Il exprime son incompréhension face au fait que personne ne soit venu arrêter « cette destruction, qui va jusqu’à ignorer les intérêts et du pays et de la population qui en bénéficiait », et invite les journalistes à plutôt poser la question aux autorités du pays, qui peut être apporteront une réponse.
Au sujet du blocage devant la justice rwandaise, Gaspard Gatera fait le constat selon lequel, ce blocage est dû aux agissements des Ministres de l’agriculture et de la justice. « Le ministère de l’agriculture a rejoint le projet, afin de faire avancer le projet plus rapidement et l’étendre sur le reste du pays.
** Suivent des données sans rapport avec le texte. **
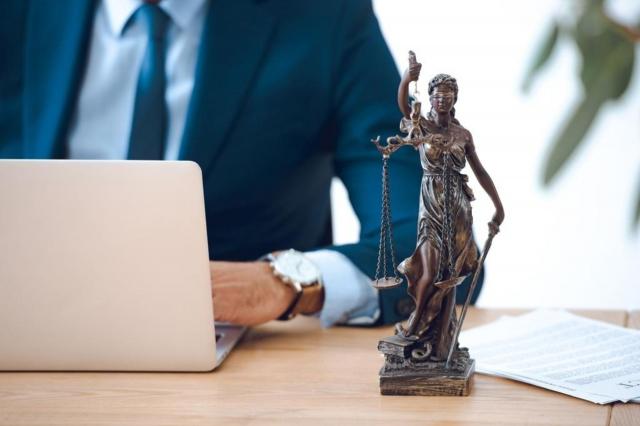 What a Client Can Expect from a Personal Injury Lawyer cover picture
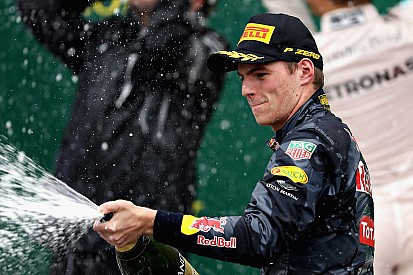 "¡Qué animal!", y otros elogios de los pilotos para Verstappen en Twitter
Et le litige est né à partir du moment où l’Etat rwandais n’a pas honoré son devoir de financer les activités ».
Une transaction a été conclue avec l’Etat rwandais mais « le Ministre de l’Agriculture et le Ministre de la justice, n’ont pas voulu respecter l’engagement de l’Etat rwandais dans la transaction, ce qui a amené pas mal de menaces » qui l’ont poussé à quitter au Rwanda et privé du bénéfice de la justice rwandaise poursuit-il.
Pour lui, « si le ministre de la justice était de bonne foi », le problème aurait pu être résolu mais « il s’est impliqué à ne pas faire justice à ce problème étant donné qu’il se sentait source de ce conflit et avait une mainmise sur les décisions qui devaient se prendre, comme on pourra le voir lors des du procès de ce jeudi 5 janvier. »
A la question de savoir si ce genre d’agissements d’autorités politiques qui s’ingèrent dans des projets d’investissement privés au Rwanda était monnaie courante, il a déclaré ne croire « que son cas n’était pas isolé, qu’il n’y avait pas un seul et unique cas » mais s’est refusé à répondre « au nom des autres ayant connu les mêmes difficultés », mais il trouve malheureux que d’une part, on appelle les gens à investir, et d’autre part, on n’appuie pas les investissements, d’autant plus lorsqu’ils sont effectués par des nationaux qui ont l’ambition de réussir.
A propos des problèmes de mainmise du politique sur la justice, il estime que dans son cas, il ‘y a des preuves de l’ingérence du politique dans l’affaire, même au niveau de l’arbitrage et dit avoir trouvé malheureux que malgré toutes les discussions qu’il a eu avec certaines autorités, personne n’ait pu dénoncer, ce qu’a fait un ou deux ministres et qu’au contraire,« tout le gouvernement se soit rangé derrière » derrière ces ministres.
Au sujet de ses attentes envers la justice belge, il déclare espérer être remis dans ses droits à savoir le paiement d’au moins de ce que l’Etat rwandais s’était engagé à payer dans une lettre officielle et il trouve déplorable que l’Etat Rwandais se soit rétracté de ses propres engagements.
« Je fais confiance à la justice belge qui va trancher sur ce cas, et j’espère qu’un jour viendra où l’autorité rwandaise comprendra que lorsqu’elle fait des engagements, elle n’a pas à les rejeter autant qu’elle peut et au moment où elle veut ».
Et Gaspard Gatera de conclure, « j’aurais préféré ne pas en arriver là, j’aurais préféré qu’on trouve une solution » et d’ajouter « si il y’a des bonnes actions, elle sont à soutenir et non à détruire ».